—Je ne possède rien, dit Afsia, qui regarda avec étonnement le Thaleb, je n'ai d'autres bijoux que les anneaux d'argent de mes oreilles, de mes jambes et de mes bras, et cette petite bague que tu m'as dit venir de ta première amie, et tout cela est à toi, puisque c'est toi qui me l'as donné.
—Et n'as-tu rien autre?
—Moi, moi tout entière, je t'appartiens, je suis ta fille et ton esclave, et demain je serai ta femme, mais toujours ton esclave et ta fille.
—O ma rose parfumée, s'écria Mansour, qui devant cette innocence et cette jeunesse, se sentait purifié et rajeuni, tu es semblable aux houris que le Prophète envoie aux fidèles alors qu'ils ont pu, allégés par leurs bonnes œuvres passer le Sirak tranchant et qu'ils nagent au milieu des délices dans les jardins des Elus.
—Les houris ont-elles aussi un trésor à donner?
—Comme toi, comme toi, ma vie.

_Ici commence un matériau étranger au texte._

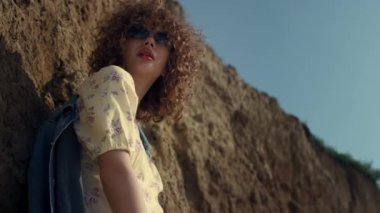 Cazibeli model deniz kıyısında güneş ışığını yakıyor. Güneş gözlüklü, şık bir elbise giymiş kıvırcık, çekici bir kadın. Kendine güveni tam genç bir kız. Kum tepesine yaslanmış rahatlıyor..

Mais que le Prophète m'accuse de blasphème, le leur ne vaut pas le tien.
Elle resta rêveuse et l'homme la regardait en silence, plein d'orgueil et d'amour.
Lui, le voluptueux, adonné si longtemps au péché, le destructeur de renommée, le souilleur de couches, il avait fait cet ouvrage sans prix, ce joyau de la nature, cette perle entre les perles, cette fleur des fleurs: Une fille nubile restée chaste, une vierge sans une tache dans la pensée, une pucelle immaculée comme la neige qui couvre aux jours des grands froids les hautes crêtes du Djurjura, comme le bouton du palmier qui, au matin du printemps, s'entr'ouvre au premier baiser du soleil.
Et il la regardait attendri, jouissant de l'étonnement qui éclatait dans ses grands yeux limpides.